Belakangan diketahui tewasnya Prabangsa terkait berita yang ditulisnya.
Sebelum
fakta ini terkuak, orang tuaku kembali menelepon.
Dia sempat melihat kematian
Prabangsa dari televisi.
Lagi-lagi dia mengulang pesan sebelumnya.
Aku hanya mengangguk
dari seberang telepon, sambil menjawab, "Ya".
Awalnya aku memang tidak tahu maksud pesan orang tuaku itu.
Aku
baru menggeluti profesi ini sejak di Bali.
Maklum aku baru lulus kuliah pada
April 2007.
Setelah lulus kuliah ini, aku belum pernah bekerja.
Profesi ini
adalah pekerjaan pertamaku.
Aku pun tidak memiliki pengalaman di profesi ini.

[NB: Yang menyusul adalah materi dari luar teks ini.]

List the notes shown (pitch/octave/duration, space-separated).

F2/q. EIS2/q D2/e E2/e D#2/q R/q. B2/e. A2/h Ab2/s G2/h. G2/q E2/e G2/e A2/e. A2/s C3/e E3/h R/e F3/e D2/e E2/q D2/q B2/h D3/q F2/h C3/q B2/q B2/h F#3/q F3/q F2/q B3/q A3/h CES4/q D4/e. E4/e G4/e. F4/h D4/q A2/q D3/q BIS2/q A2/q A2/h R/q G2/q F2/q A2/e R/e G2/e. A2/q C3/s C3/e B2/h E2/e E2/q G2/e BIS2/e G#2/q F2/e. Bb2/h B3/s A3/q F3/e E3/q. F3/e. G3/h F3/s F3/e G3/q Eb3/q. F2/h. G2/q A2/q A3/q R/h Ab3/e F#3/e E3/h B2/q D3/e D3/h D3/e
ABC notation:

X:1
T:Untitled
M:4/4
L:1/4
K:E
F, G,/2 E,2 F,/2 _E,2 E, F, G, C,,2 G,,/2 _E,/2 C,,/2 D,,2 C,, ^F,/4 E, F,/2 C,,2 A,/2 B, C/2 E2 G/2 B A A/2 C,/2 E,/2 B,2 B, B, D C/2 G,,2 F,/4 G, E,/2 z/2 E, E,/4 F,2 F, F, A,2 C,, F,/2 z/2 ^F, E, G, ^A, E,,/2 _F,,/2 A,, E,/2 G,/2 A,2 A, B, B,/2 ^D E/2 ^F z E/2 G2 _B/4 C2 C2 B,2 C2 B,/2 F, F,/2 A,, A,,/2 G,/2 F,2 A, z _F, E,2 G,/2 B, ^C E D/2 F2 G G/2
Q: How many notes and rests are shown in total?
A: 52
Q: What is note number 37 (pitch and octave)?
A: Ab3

Sekarang aku mengetahui betapa kejamnya dunia terkait profesi ini.
Aku harus
bersinggungan dengan banyak orang dari berbagai karakter dan latar belakang.
Bukan
hanya orang baik.
Aku pun harus menemui penjahat, dan pekerjaan lain yang
dianggap kelam.
Bila perlu, aku harus masuk dalam pekerjaan mereka.
Tentunya aku
tidak benar-benar masuk.
Aku hanya perlu masuk sampai permukaan.
Setelah menggali
informasi, aku harus kembali keluar.
Selama menjalani profesi ini, aku berusaha tidak bertindak kejam.
Apalagi
sampai melacurkan diri atau menggadaikan profesi.
Aku masih memiliki idealisme.
Aku mendambakan bisa bekerja sesuai etika yang digariskan organisasi profesi.
Sekali
aku melanggar, hidupku tidak akan pernah tenang.
Bahkan menghadap komputer pun tidak
bisa tenang.
Makanya aku sering menolak upaya pihak lain yang berusaha membeli idealismeku.
Aku akan berusaha maksimal.
Biasanya pembeli selalu memaksa.
Tapi aku tetap akan
meyakinkan si pembeli bahwa jual-beli ini terlarang.
Cara ini sering efektif.
Si
pembeli bisa memahami dan menghargai diriku yang boleh dikatakan sok jual
mahal.
Tapi dalam kasus lain, namaku juga sering dijual oleh teman seprofesi.
Aku
tidak pernah atau belum bertemu dengan si pembeli.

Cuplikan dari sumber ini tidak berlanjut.